USMLE – Tremor
Abnormal movements usually imply a disorder in the basal ganglia, in which there is disinhibition of the activity of intrinsic rhythm generators or a disorder of postural control. Some, like tremor, are common place. Others, like chorea, athetosis and dystonia, have become more common as a result of pharmacological treatment of Parkinson’s disease and psychiatric disease.
TREMOR Men’s Tremblant Full Zip Hoody
A tremor is a rhythmic oscillating movement of a limb or part of a limb, or of the head. Tremors are usefully divided into those occurring at rest and those seen only when a limb is in action. The other characteristic by which tremors can be classified is their frequency.
This is pathognomonic of Parkinson’s disease. The tremor is characteristically ‘pill-rolling’, and usually presents asymmetrically. However, patients with Parkinson’s disease may have an abnormal action tremor as well. Tremor of the head in the upright position (‘titubation’) is not a rest tremor since this is a postural tremor, disappearing when the head is supported.

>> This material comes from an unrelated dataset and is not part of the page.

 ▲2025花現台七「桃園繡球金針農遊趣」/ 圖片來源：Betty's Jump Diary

This is more frequently seen than rest tremor and potential, causes are more numerous. A physiological tremor (frequency between 8-12 Hz) can be identified in the limbs of normal subjects and exaggeration of this physiological tremor occurs in anxiety and other situations. Multi-Zone Collection Men
Essential tremor is distinct from a physiological tremor, although resembling it superficially. This tremor is slower than a physiological action tremor and may become quite disabling. The condition is often familial and in some families the tremor is most obvious during certain specific actions such as writing, and here there is an overlap with focal dystonias. Characteristic of essential tremor is that alcohol suppresses it, sometimes to the extent that the patient becomes addicted. Centrally acting beta-adrenoceptor antagonists such as propranolol are often effective in treatment.

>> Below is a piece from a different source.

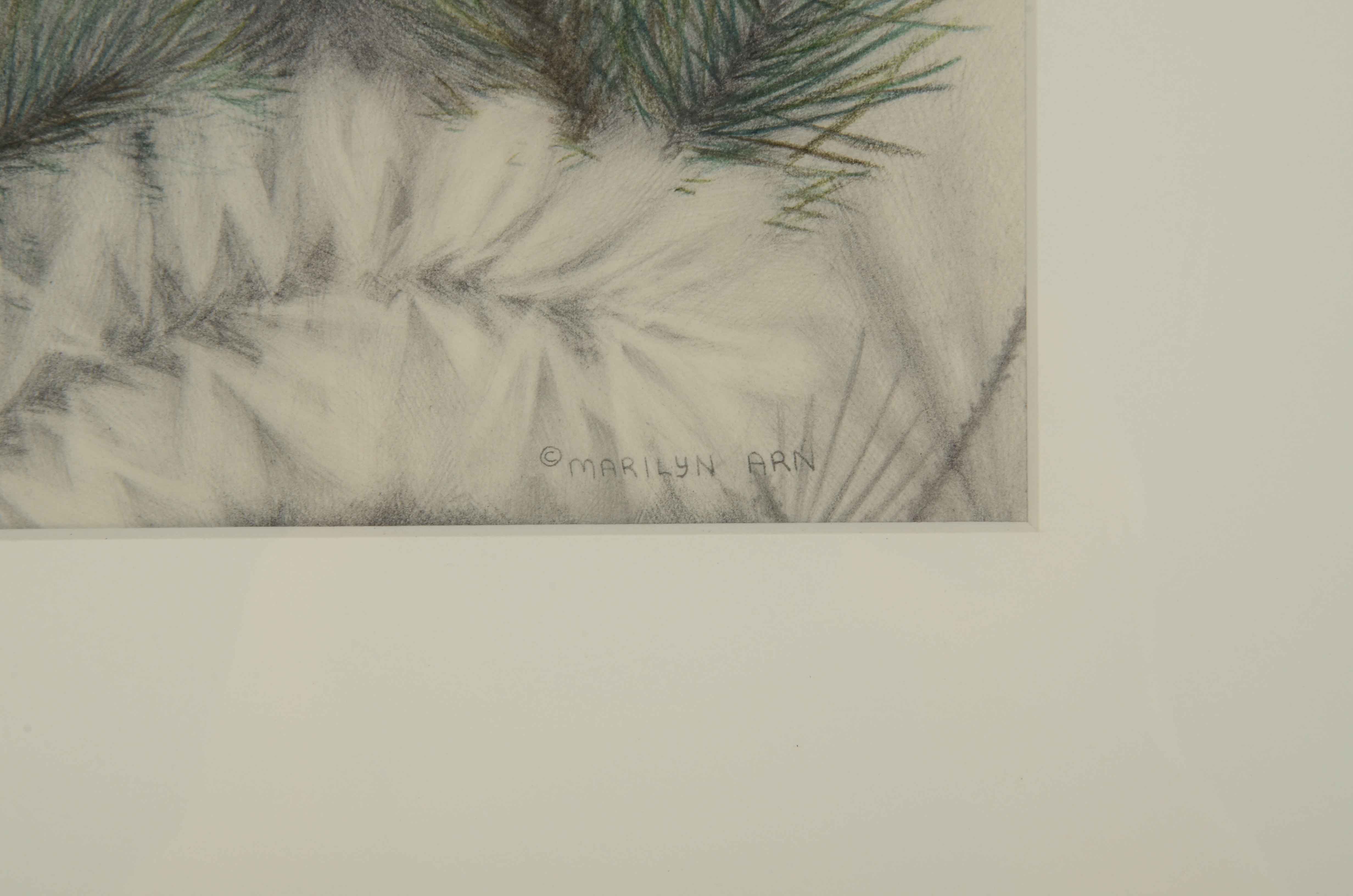 Marilyn Arn Oringinal Pencil Drawing of Bird's Nest in Fir Tree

An ‘intention tremor’ is the characteristic oscillation at the end of a movement which occurs in cerebellar disease, due to the breakdown of feedback control of targeted movements. Asterixis, the ‘flapping’ tremor seen in metabolic disturbances, is the result of intermittent failure of the parietal mechanisms required to maintain a posture. Thus, when a patient is asked to hold out the arms with the hands extended at the wrists, this posture is periodically dropped, allowing the hands to transiently drop before the posture is taken up again. Occasionally, unilateral asterixis can be seen in an acute parietal vascular lesion.

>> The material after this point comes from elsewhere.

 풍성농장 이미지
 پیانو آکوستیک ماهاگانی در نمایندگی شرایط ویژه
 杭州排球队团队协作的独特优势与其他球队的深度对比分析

A more dramatic action tremor occurs with lesions in the superior cerebellar peduncle (the site of the cerebellar outflow towards the red nucleus). This ‘peduncular’ or ‘rubral’ tremor is a violent, large-amplitude postural tremor which worsens as a target is approached. This is common in advanced multiple sclerosis and may be a source of considerable disability. Stereotactic thalamotomy can reduce the tremor, although the overall functional result is often disappointing.